# About this exercise
Output, exactly as written, the lines below from the one that has "Alfera traslack malla" through the one that has "Zitel Band for"; nothing else, and no pictures.

# Source records
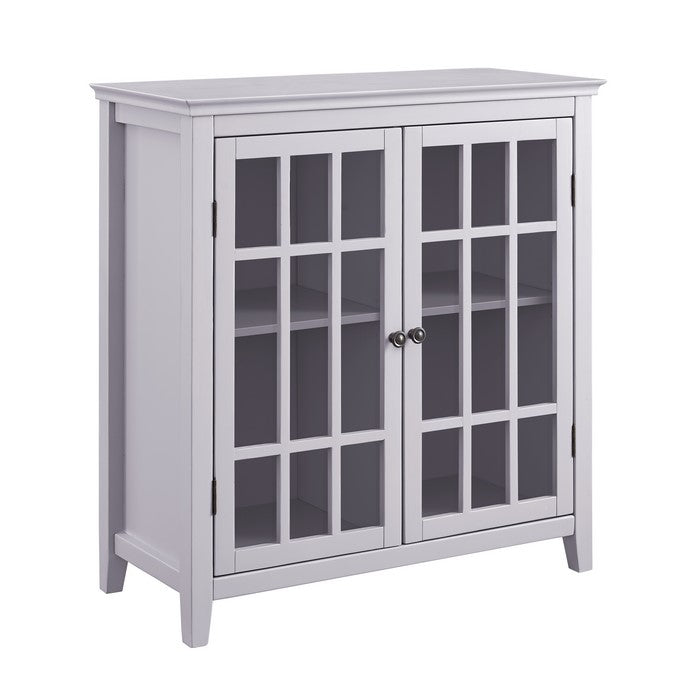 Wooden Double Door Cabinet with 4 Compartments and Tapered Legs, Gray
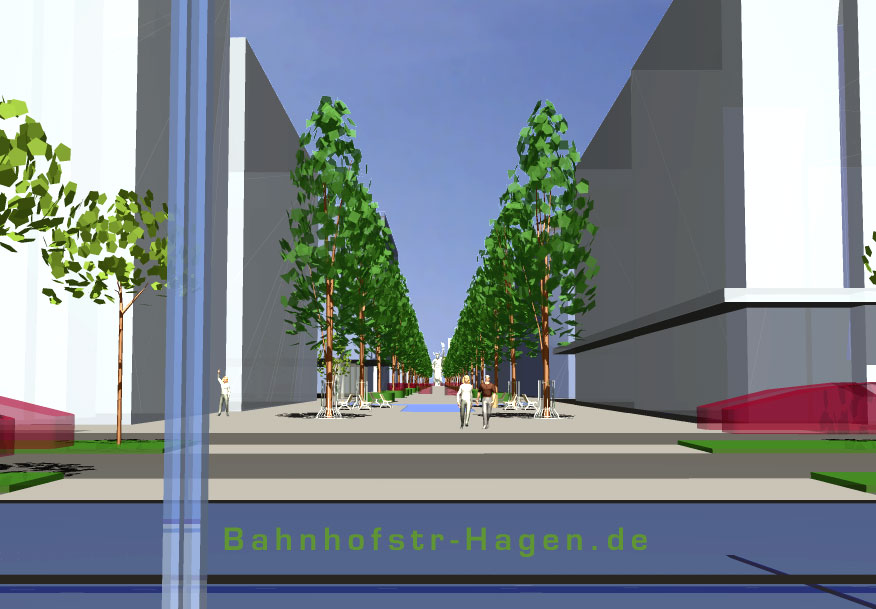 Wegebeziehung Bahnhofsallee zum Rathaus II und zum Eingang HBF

---

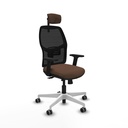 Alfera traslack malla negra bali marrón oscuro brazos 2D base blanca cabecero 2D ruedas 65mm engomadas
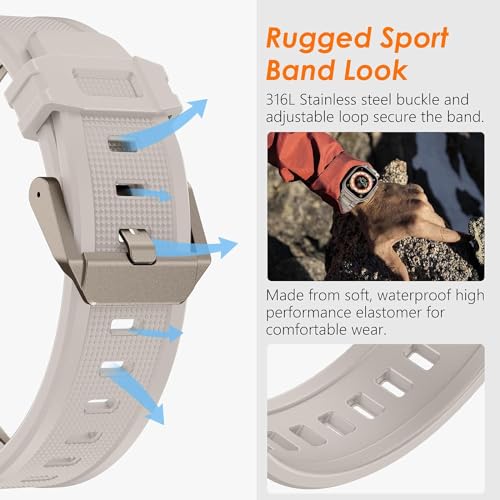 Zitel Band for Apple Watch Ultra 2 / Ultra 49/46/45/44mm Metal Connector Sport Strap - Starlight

...

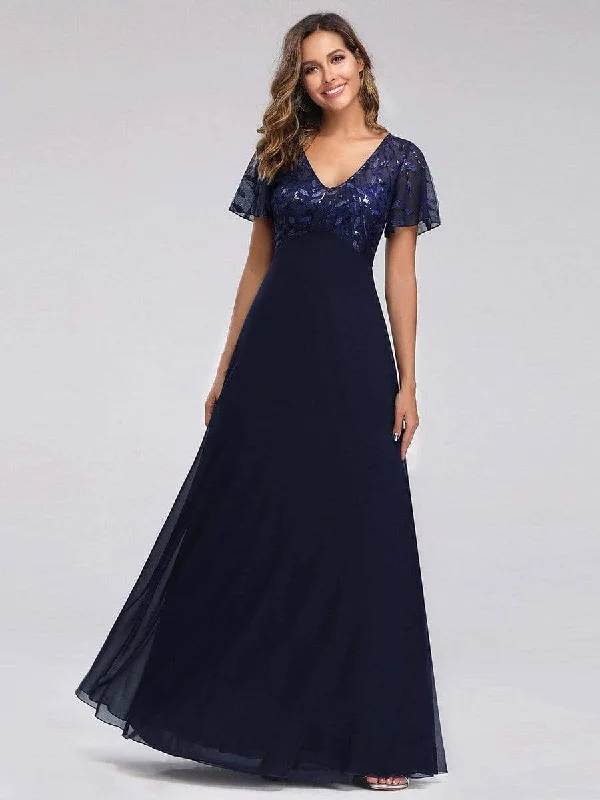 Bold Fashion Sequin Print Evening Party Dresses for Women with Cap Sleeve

# Output for this exercise
 Alfera traslack malla negra bali marrón oscuro brazos 2D base blanca cabecero 2D ruedas 65mm engomadas
 Zitel Band for Apple Watch Ultra 2 / Ultra 49/46/45/44mm Metal Connector Sport Strap - Starlight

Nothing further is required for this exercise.